Forum Stats

  • 3,768,187 Users
  • 2,252,756 Discussions
  • 7,874,485 Comments

Discussions

Search a clob for a pattern

User_G3NSO
User_G3NSO Member Posts: 9 Green Ribbon


I am trying to create a function that searches a CLOB for a specific term. In this case 'hello world' ONLY!!!


Note some of the text within the CLOB can contain LF and some may not. I provided some sample data off both.


In this particular example I'm looking to search through the CLOB to find the starting and ending positions of the phrase 'hello world'  ONLY.


I know to find the starting position I need to use the INSTR command and the ending position should be INSTR+LENGTH of the phrase I'm searching for.


I haven't added that code yet as I am unable to get the parsing working correctly yet.


If you run the sample data I provided you can I'm getting back more than the phrase 'hello world'


Once the parse works, I'm looking to generate the following output (see below).


id  start_pos  end_pos  search_term


Note in my function the number 4000 is hard coded as I recall that being the max limit of a VARCHAR2. I think it's been extended to 32767 in 12c and up but that should be a non issue here as I only have a small amount of data.


Any help would be greatly appreciated. Below is my  test CASE and im testing on livesql so my environment can be replicated if needed.

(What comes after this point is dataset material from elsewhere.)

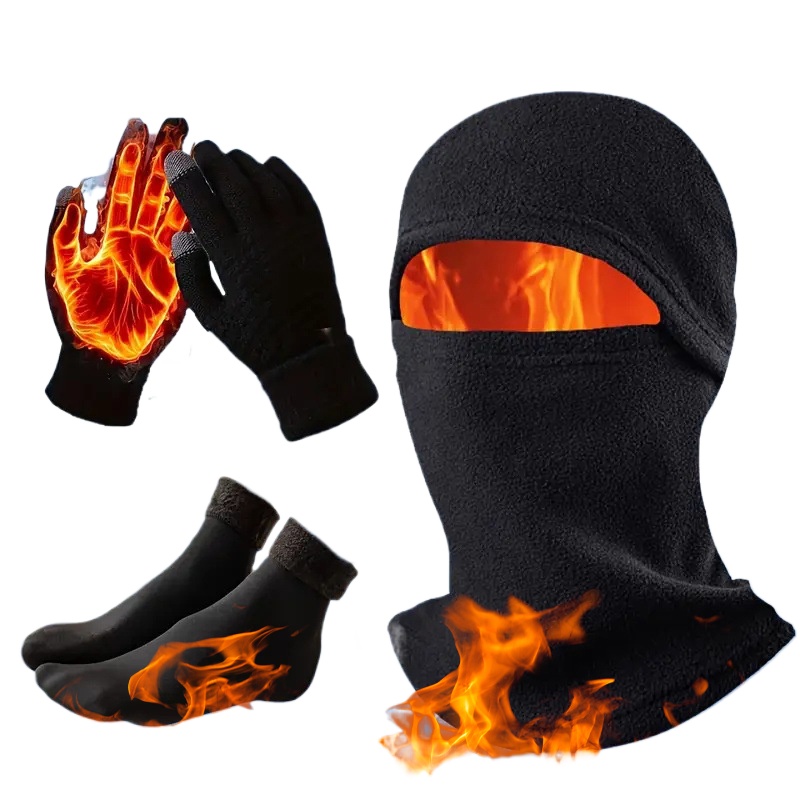 Thermal Sock Winter - 3-częściowy zestaw termiczny na zimowe sporty:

create table t ( x int primary key, y clob );

insert into t values ( 1, 'line 1 line 2 line 3 line 4 line 5 hello world' );

insert into t values ( 2, 'line 1 hello world line 2 line 3 line 4 line 5 hello world' );

insert into t values ( 3, 'line 1 hello world line 2 line 3 line 4 line 5

hello world' );

declare
 l_text long;
 begin
 for i in 1 .. 3000
 loop
 l_text := l_text || 'line ' || i || chr(10);
 end loop;
 l_text := l_text || 'hello world 3001';
 insert into t values ( 4, l_text );
 l_text := l_text || chr(10) || 'line 3002';
 insert into t values ( 5, l_text );
 l_text := 'hello world 0' || chr(10) || l_text;
 insert into t values ( 6, l_text );
 end;

create or replace function search_clob( p_lob in clob, p_what in varchar2 ) return varchar2
 as
 l_text long;
 l_instr number;
 begin
 l_instr := dbms_lob.instr( p_lob, p_what );
 l_instr := dbms_lob.instr( p_lob, chr(10), l_instr );
 if ( l_instr = 0 ) then l_instr := dbms_lob.getlength(p_lob); end if;
 if ( l_instr < 4000 )
 then
 l_text := rtrim(chr(10) || dbms_lob.substr( p_lob, l_instr, 1 ), chr(10));
 else
 l_text := rtrim(chr(10) || dbms_lob.substr( p_lob, 4000, l_instr-3999 ), chr(10));
 end if;
 return substr( l_text, instr(l_text,chr(10), -1, 1 )+1 );
 end;
 

select x,search_clob( y, 'hello world' ) y, dbms_lob.getlength(y) len
 from t
 where dbms_lob.instr( y, 'hello world' ) > 0;


Tagged:
«1

Answers

  • User_H3J7U
    User_H3J7U Member Posts: 640 Silver Trophy

    I know to find the starting position I need to use the INSTR command and the ending position should be INSTR+LENGTH of the phrase I'm searching for.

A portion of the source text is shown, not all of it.